[[ Task inputs open ]]

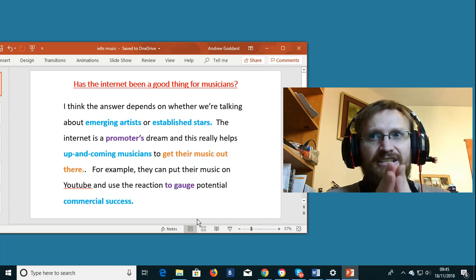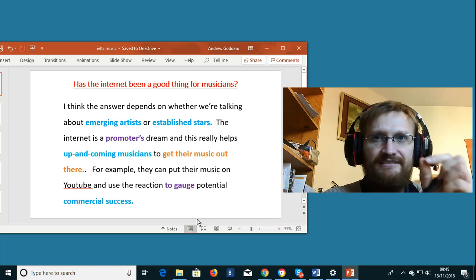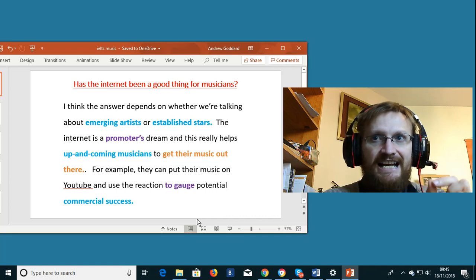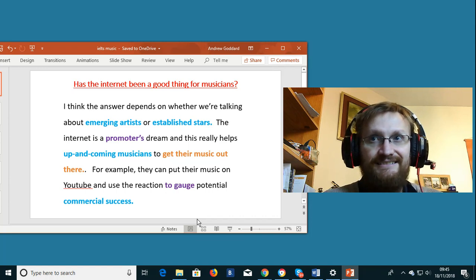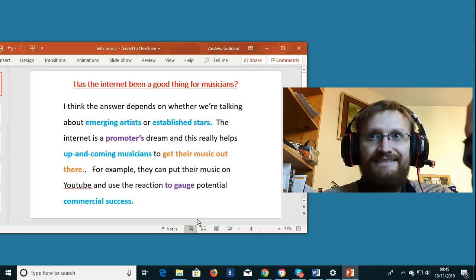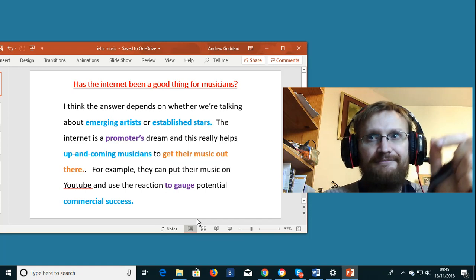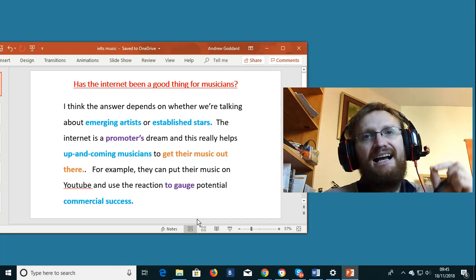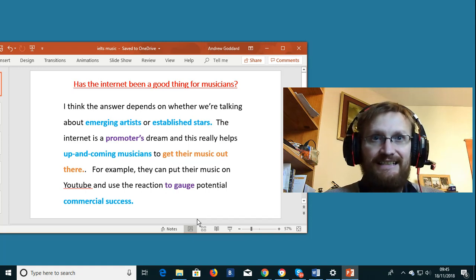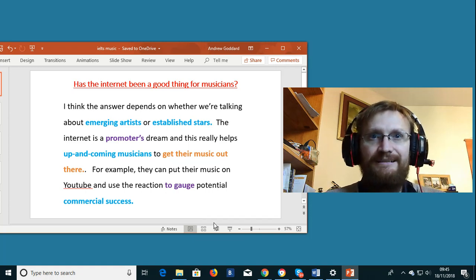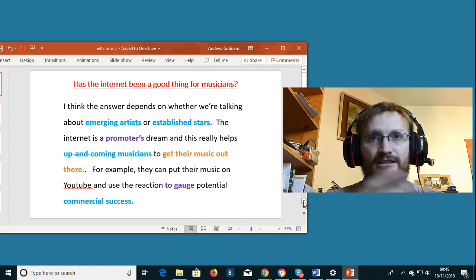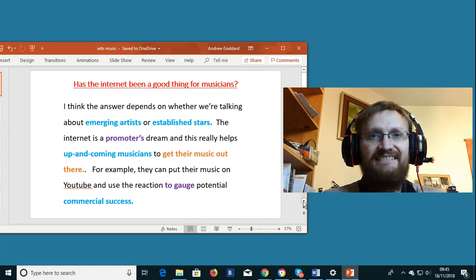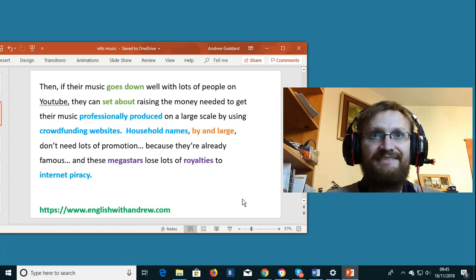The English verb to gauge means to look at something and try to understand what that thing means. It's to evaluate something. And commercial success. Another collocation which simply means to be able to sell something a lot. Commercial success. To get lots of people to buy something.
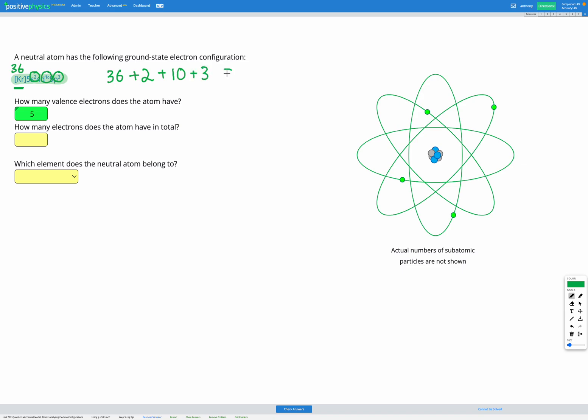Adding those all together, we have 51 electrons in total.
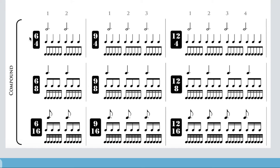In compound time, beats are divided into threes, and the time signature tells you about divisions rather than beats — that is the big difference. The top number in compound time tells you the number of divisions in the measure, not the number of beats. In six-eight time, for instance, I have two beats, each divided into three, giving a total of six divisions. So the top number for two beats is six. For four beats, four times three gives twelve divisions. In compound time the top number is always six, nine, or twelve. If you divide the top number by three, that tells you how many beats you have.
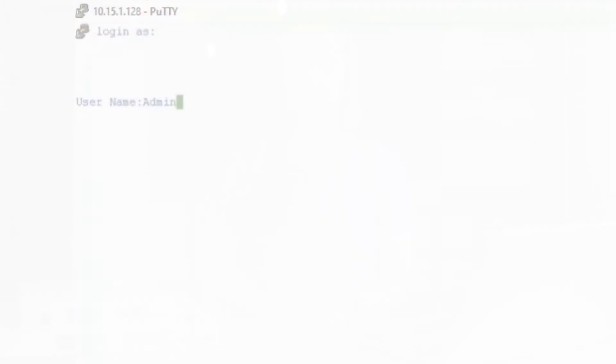First, we need to make sure our STP uplink ports are connected. Once that's finished, we'll log into the active switch. We can enter in our username and password. Inside, we'll enter the command terminal.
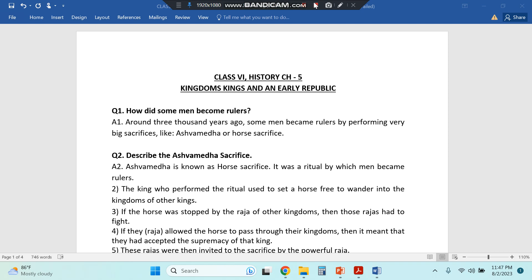Hello everyone. These are the questions and answers of Class 6 History Lesson 5 — Kingdoms, Kings and Early Republics — and this is from the NCERT book.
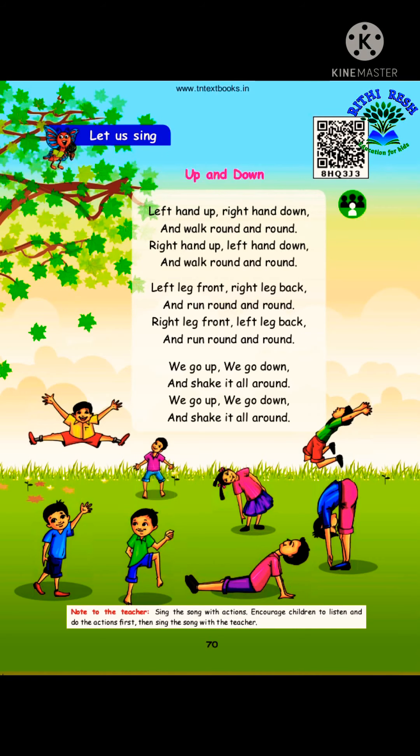Hello kids, good morning. I am Mr. Jay Bharti. Today we are going to learn Standard 2, English, Term 1, Unit 1.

[[ Task inputs closed ]]

### What is being asked:
Only the lines between the one containing "First, we need" and the last line of the listing above, both included, should be written out, exactly and without pictures.

### Output:
First, we need to make sure our STP uplink ports are connected. Once that's finished, we'll log into the active switch. We can enter in our username and password. Inside, we'll enter the command terminal.
Hello everyone. These are the questions and answers of Class 6 History Lesson 5 — Kingdoms, Kings and Early Republics — and this is from the NCERT book.
Hello kids, good morning. I am Mr. Jay Bharti. Today we are going to learn Standard 2, English, Term 1, Unit 1.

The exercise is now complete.